You were flamed because your original post as you describe it showed complete lack of thought or care. It did not also show any signs of you be ing willing to put in the work you will be required to do. However your other posts have made things clearer so sorry if I judged harshly.

BC are fantastic dogs, they will do anything for you and will be the most loyal loving remarkable dogs. They do however require input from you. If you are up to daily training sessions for hopefully the next 16 years then relax and begin to enjoy your new dog.

Re your other dog, everytime the puppy is around give your old dog a tasty treat - soon puppy will equal something nice. Do keep the puppy from pestering the dog if he obviously shows signs of not liking the interaction. Some dogs are too polite and the puppy can get away with murder make sure you do interact. Do not let them sort it out themselves.

Collie traits are traits to be encouraged but in the right situation when it is appropriate. So gentle slow socialisation should be starting now. Introduce the puppy to traffic but keep him working doing things for you, rather than fixating on the traffic and learning to chase it.

Get involved with a positive training dog club, consider doing a dog sport, agility - you can be doing foundation training with the puppy at this age, or obedience. You will meet many BC owners who will help you if you do encounter any problems along the way.

Google Susan Garrett a brilliant American trainer who often does online courses which are great for BC. Puppy Peaks is fantastic

Also Devon Dogs Pup2perfection DVD is fantastic. - aimed at agility dogs but gives great basic foundation training dvd

Dont waste the fantastic opportunity you have to own a BC with worrying - get out there get involved and enjoy it - you are very very lucky smile

Whoknowswhocares Sun 09-Feb-14 10:26:57

You got a flaming due to the lack of info you put in your OP. How can people be expected to know you've had collies before, know all about it etc etc when you don't say so? Your post read like you'd gone out to view a push bike and naively come home with a Ferrari! If that's not the case, then fair enough.
Fwiw I don't think many people if they are honest go through the traumas of puppyhood without some regrets! Stick with it and hopefully time will sort out the bonding

EvenBetter Sun 09-Feb-14 12:51:23

You will love him. I co-parent a border collie who was kind of foisted upon us as a 6month old puppy, our cherished older dog was disgusted. Once we got him obsessed with a toy and figured him out everyone loved him and now he's a chunky, fluffy, sensitive caring boy of 8years old.
Puppies are seriously hard work, border collie puppies are on a whole other level.
Pick him up and smell him, cuddle him when he sleeps, look at his weeny paws and teeth he won't be like this for long, they grow quickly into majestic lads.
Make a note of anything funny or cute he does each day and look at it when you're about to cry over pee and poo everywhere/your home being destroyed.
Teach him things, they need it.

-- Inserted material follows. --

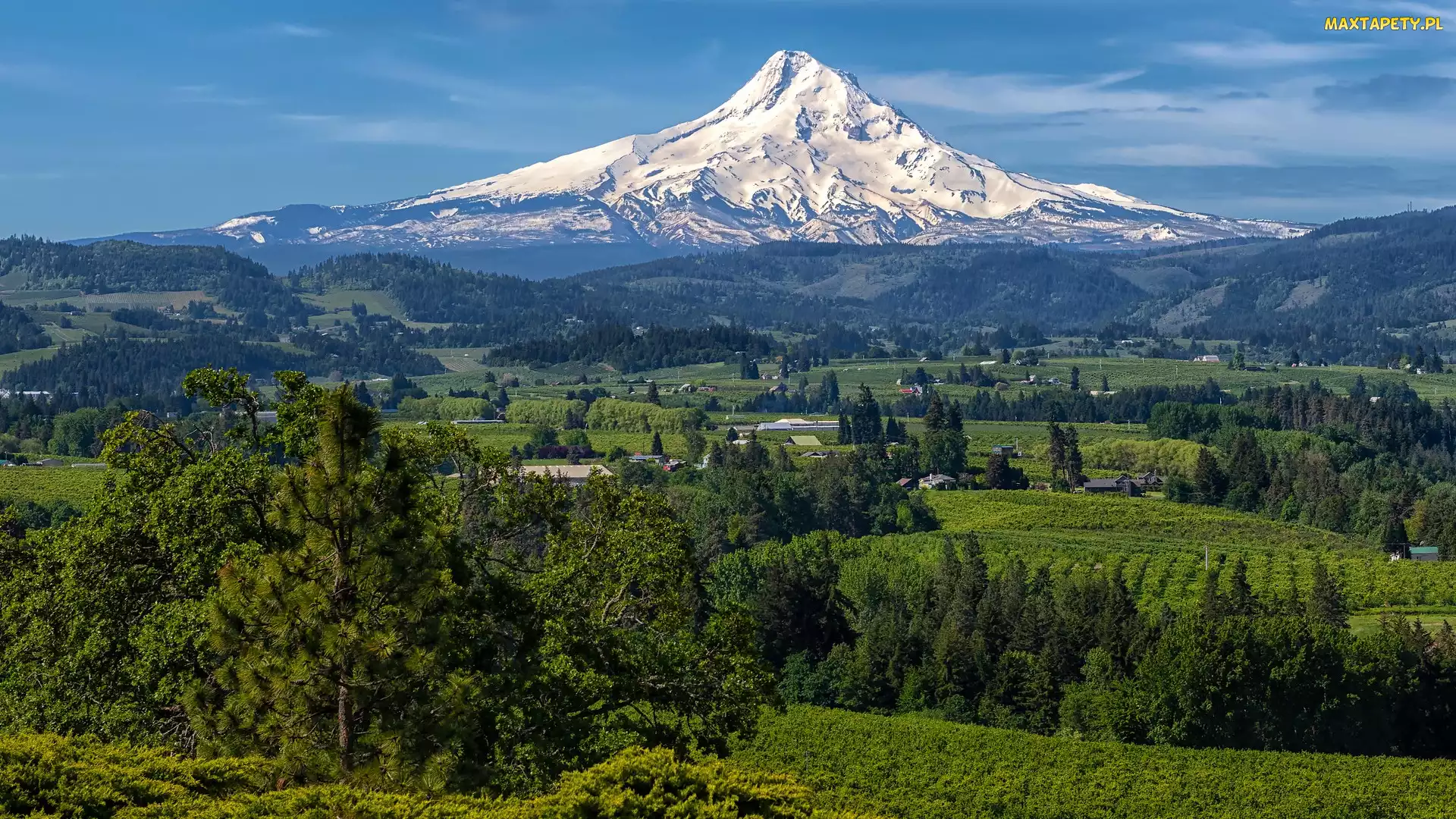 Stan Oregon, Miejscowość Hood River, Mount Hood, Stany Zjednoczone, Drzewa, Góra, Domy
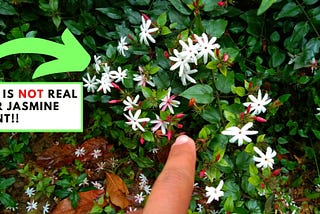 Difference Between Star Jasmine and Downy Jasmine (Jasminum Multiflorum) VS (Trachelospermum Jasminoides)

I taught the collie to smile, and bark when you say sheepdog, and he's developed those tricks himself even further.
You just have the horrors of 'what have I done?!' Any new parent gets. You'll love him really soon.

daisydip1 Sun 09-Feb-14 14:44:46

We took in a rescue bc dog, who had been badly treated, when we already had a bitch collie x who could be rather bossy with other dogs. I too had a few "what have I done" moments, but he's turned into the most fantastic and loyal dog. They've become really good mates and look after one another. The bc could have been a real problem dog (he was extremely submissive when we got him, with quite severe fear aggression), but my collie x seemed to know exactly what to do, and a calm environment has worked wonders for him. I had that typical first born anxiety with my first dog, when she was the friendliest calmest dog you could ever meet, but just completely relaxed with the second one, who could have been a real nightmare! And I'm sure that's what made him settle in so well.

So just relax and enjoy him. Your other dog will soon work out he's there to stay! And don't stress yourself looking out for collie traits - they pick up any anxiety from you, and collie traits are wonderful!

minkersmum Sun 09-Feb-14 16:59:20

Thanks for all the reassuring posts. Sorry if op came across badly, I was typing whilst chaos descended around me.

I am not sure about the interaction betwern older dog and pup. The older dog does often look like he is enjoying it but it is very noisy and older dog definitrly trying to keep oup in his place. I am finding it hard knowing when I should allow them to get on with it and when to intervene.

Bought Pup a little chew bone thingy. Older dov has adult version but not fussed for it. However older dog liked pup one. Pup left it doen old dog picks it up and so this game started of pup stalking up to old dog, old dog growling but wagging tail, then pup lunges forward with a bark and then old dog chases him away!
Would you just leave them doing this or take bone away? I removed bone after ten mins as I couldn't relax with them making sooo much noise. Old dog very vocal anyway esp when playing but pup also has a really piercing bark!!!

minkersmum Sun 09-Feb-14 17:00:51

Sorry about all the typos! Blardy phone!!!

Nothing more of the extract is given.